Fla. Isles Residents Want to Keep Their Firefighters

July 7, 2014
The water-front fire station on the Isles of Capri is slated to get a new crew in September.

July 07--At midnight Sept. 30, the seven firefighters at Isles of Capri will likely lose their jobs, the small taxing district will dissolve and the water-front fire station on the only road into town will get a new crew.

But a group of Capri residents, led by real state agent Beau Middlebrook, is making a last-ditch push to convince voters to keep the winding peninsula's fire district under county control, even if it means a higher tax rate.

"Are you worried about saving dollars or saving lives?" said Middlebrook, a rare life-long resident of Capri. "That's the question."

Collier County commissioners are set to let the special tax that pays for the Capri station to expire this fall. In an August referendum, they'll ask the district's roughly 1,500 households within 12 square miles if they want the East Naples fire district to take over. Property tax rates would fall from $2 to $1.50 per $1,000 of value under East Naples fire.

The station would stay open and East Naples would maintain the same level of service at the station, with a minimum of three firefighters staffing every shift, East Naples Chief Kingman Schuldt said.

But if Capri joins the outskirts of one of the largest and busiest districts in the county -- one that serves 150,000 residents over 285 square miles -- it's only a matter of time before it becomes an afterthought, Middlebrook said.

"We would be their slowest district hands down," he said "Of course East Naples is promising to keep the way it is. They say they'll put three people at the station, but that doesn't mean they'll stay there throughout their shifts. They're going to have to be moved to cover the district's existing calls in other parts of the county. It doesn't make sense for them to keep people here, so why would they?"

Capri firefighters know the ins and outs of the community and rescue divers know every sandbar out to Keewaydin Island, said Jorge Lara, firefighter and union treasurer.

"If we get a call at some of our houses we can tell you what ailments they're suffering from and we know what equipment to bring," Lara said. "They're our residents and we're there's. We want to continue serving our community."

For the homeowners on Isles of Capri, the change in a firefighter's badge won't mean a change in the level of service, Schuldt said.

"Our goal is to always have three people on a truck and we try to go to four," Schuldt said. "We're going to be adding our fire inspection program to start inspecting commercial properties."

East Naples plans to hire six firefighters to fill positions at Capri and will interview any Capri firefighter who applies, he said.

Any firefighters who aren't hired by East Naples will be offered jobs at Collier County's new fire station along Alligator Alley, which is set to open in by November, said Len Price, the county's administrator of administrative services.

The push to combine the unincorporated county's scattered fire districts has been gaining momentum since the start of the recession after decades of stalled talks and plans.

East Naples has already combined administrations with the Golden Gate fire district, and is in talks with Collier commissioners about taking over the Ochopee fire services, which serves Everglades City, Alligator Alley and the far eastern side of the county.
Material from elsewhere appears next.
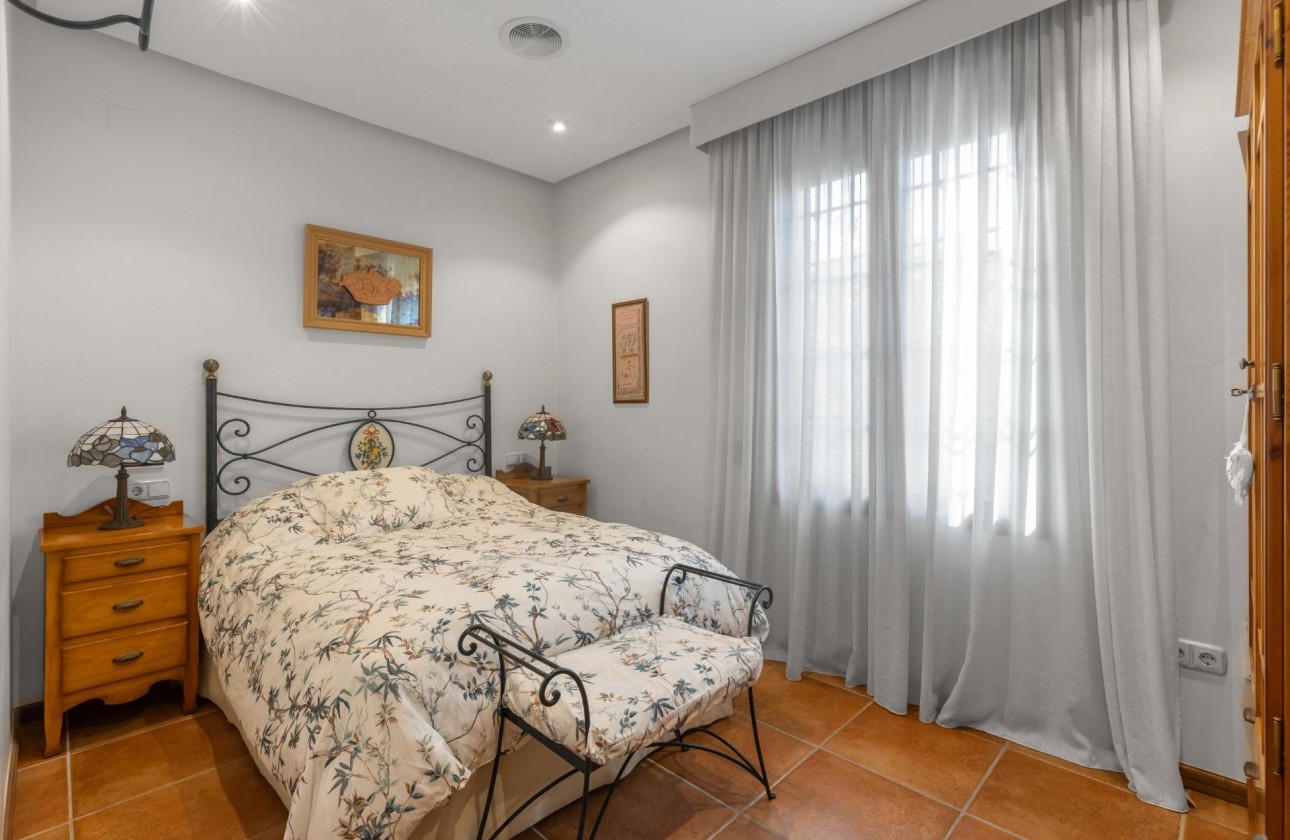 Resale - Villa - Torrevieja - La veleta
Meanwhile, the busy North Naples and rural Big Corkscrew fire districts are studying a proposed merger.

In the span of a year, the seven districts that serve roughly 300,000 residents in the unincorporated county could become three -- with Immokalee being the only district that has not merged with another.
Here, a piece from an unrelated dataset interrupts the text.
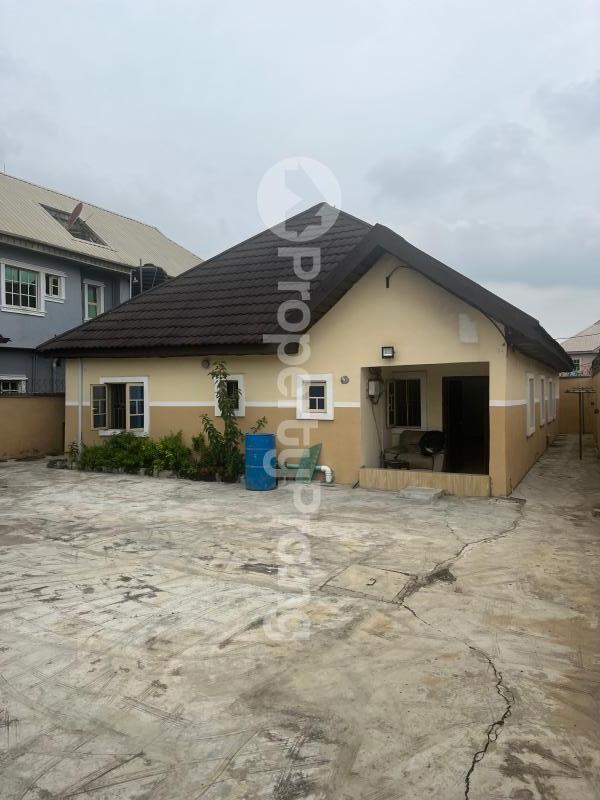 3 bedroom House for sale Abiri Street, Off Josephat James Street, Navy Town Road, Satellite Town, Ojo Lagos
If the August referendum passes, East Naples will move into the Capri station on October 1.

Just to the north of Capri, the sprawling Fiddler's Creek development is served by both East Naples and Isles of Capri firefighters.

There's no drop in quality of service from one district to another, said Phil Brougham, who supports consolidation and has lived on the Isles of Capri side of the development since 1999.

"They're all professionals," Brougham said. "If the same or better level of service for anything -- if it's a fire department or anything else -- can be provided at lower cost, I don't know why any good-thinking person would decide to not go that route."

Capri and East Naples fire officials will hold a joint town hall meeting at 4 p.m. Thursday to take questions about the annexation at the Isles of Capri Civic Center, 338 Capri Boulevard.